* Captioned web images *
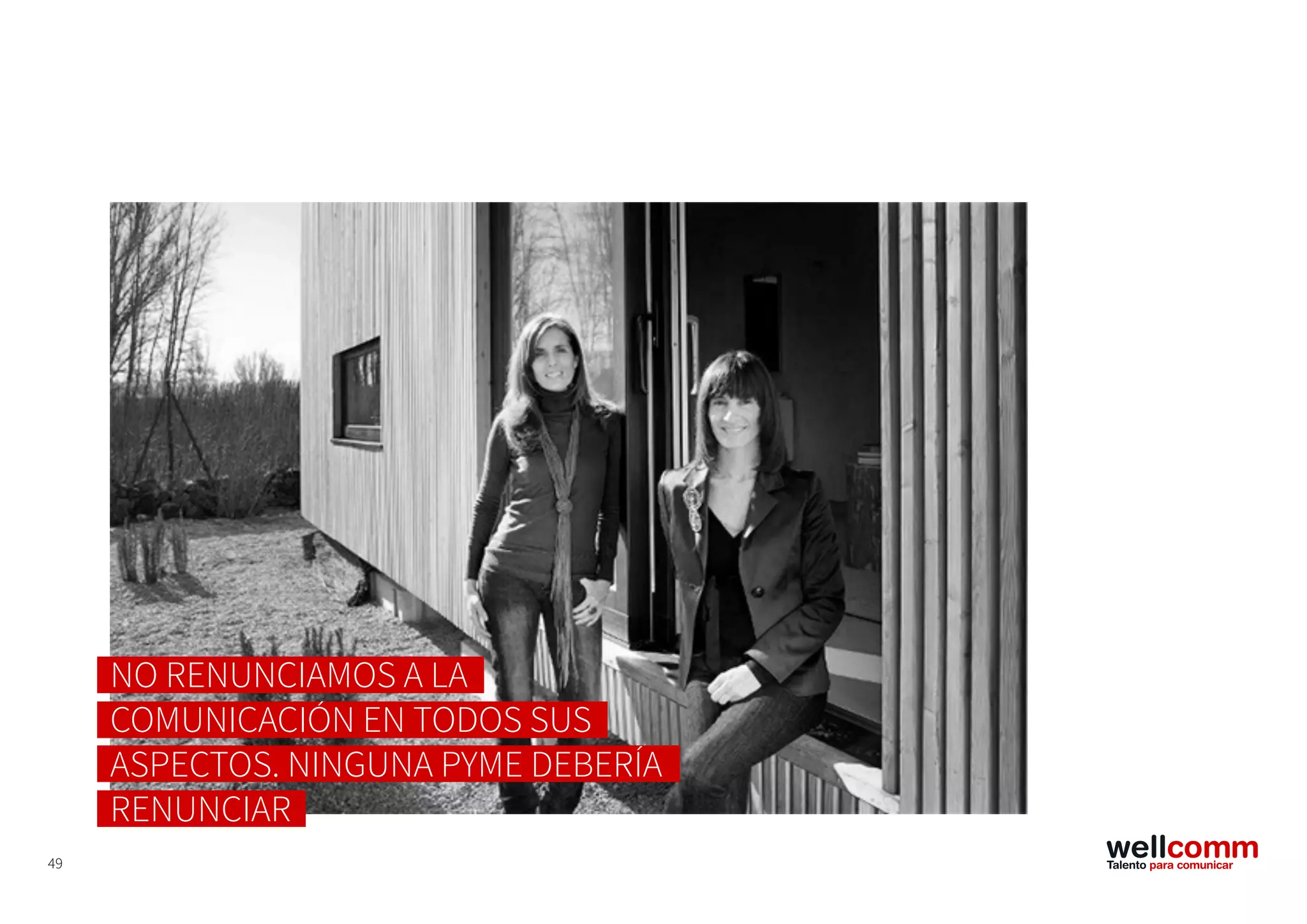 49
NO RENUNCIAMOS A LA
COMUNICACIÓN EN TODOS SUS
ASPECTOS. NINGUNA PYME DEBERÍA
RENUNCIAR
 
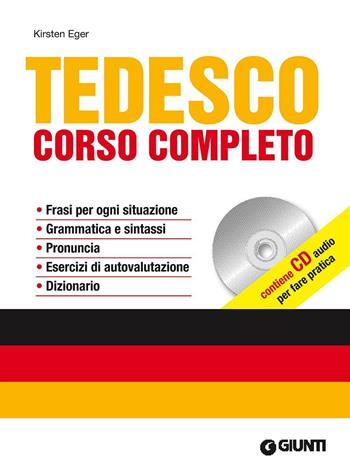 Tedesco. Corso completo. Con CD Audio - Kirsten Eger - Libro Giunti Editore 2013, Impara rapidamente | Libraccio.it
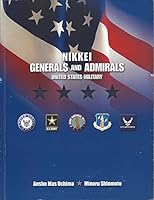 Nikkei Generals and Admirals Book Uchima Shinmoto Japanese Nisei WWII army navy 0982142153 Book Cover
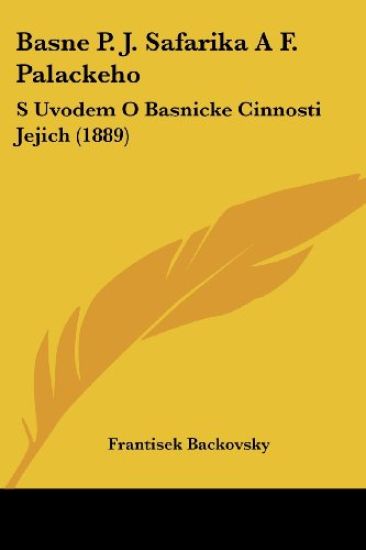 Basne P. J. Safarika A F. Palackeho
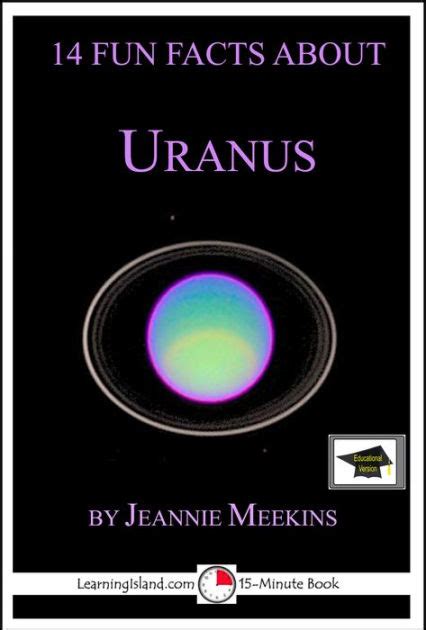 14 Fun Facts About Uranus Educational Version By Jeannie Meekins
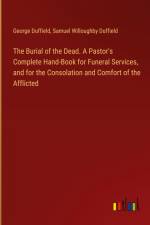 The Burial of the Dead. A Pastor's Complete Hand-Book for Funeral Services, and for the Consolation and Comfort of the Afflicted
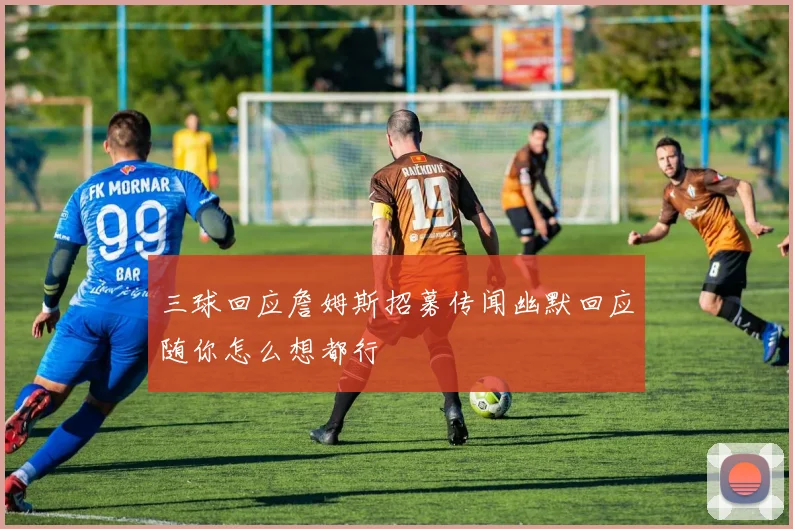 三球回应詹姆斯招募传闻幽默回应随你怎么想都行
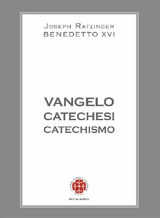 VANGELO CATECHESI CATECHISMO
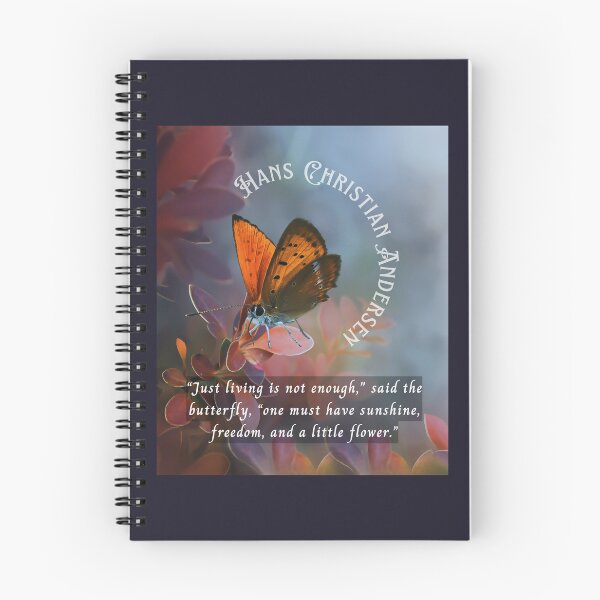 Item preview, Hans Christian Andersen  quote:  “Just living isn't enough,” said the butterfly, “one must have sunshine, freedom and a little flower.” designed and sold by artbleed.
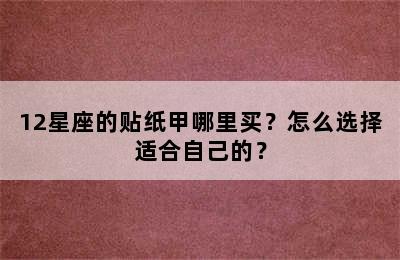 12星座的贴纸甲哪里买？怎么选择适合自己的？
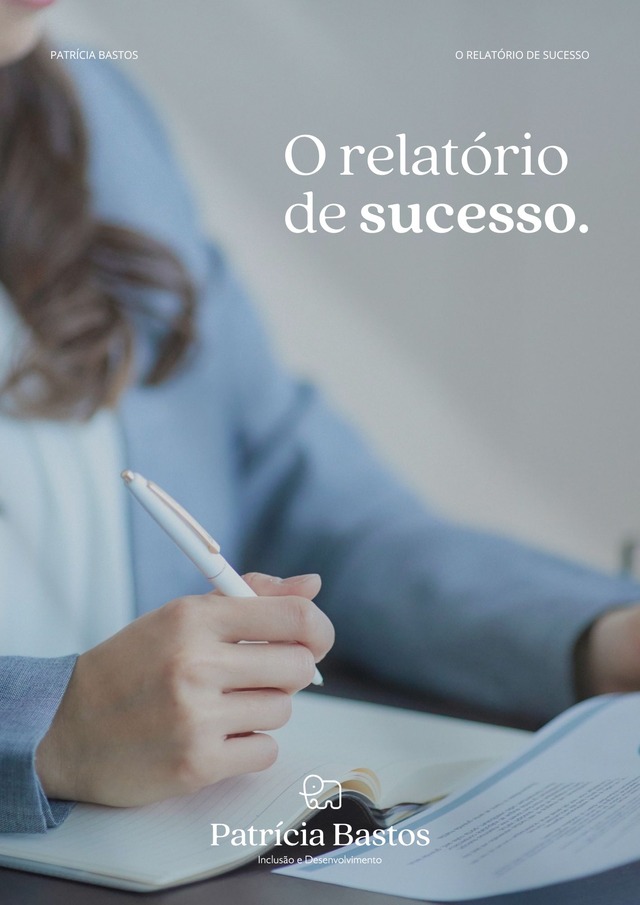 Capa do material O Relatório de Sucesso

* WORK TASK *
Pictures are not part of the copy. Extract exactly the lines from the line containing "Basne P. J. Safarika A F. Palackeho" through the final line of the entries above, both included.

* ANSWER TO THIS TASK *
 Basne P. J. Safarika A F. Palackeho
 14 Fun Facts About Uranus Educational Version By Jeannie Meekins
 The Burial of the Dead. A Pastor's Complete Hand-Book for Funeral Services, and for the Consolation and Comfort of the Afflicted
 三球回应詹姆斯招募传闻幽默回应随你怎么想都行
 VANGELO CATECHESI CATECHISMO
 Item preview, Hans Christian Andersen  quote:  “Just living isn't enough,” said the butterfly, “one must have sunshine, freedom and a little flower.” designed and sold by artbleed.
 12星座的贴纸甲哪里买？怎么选择适合自己的？
 Capa do material O Relatório de Sucesso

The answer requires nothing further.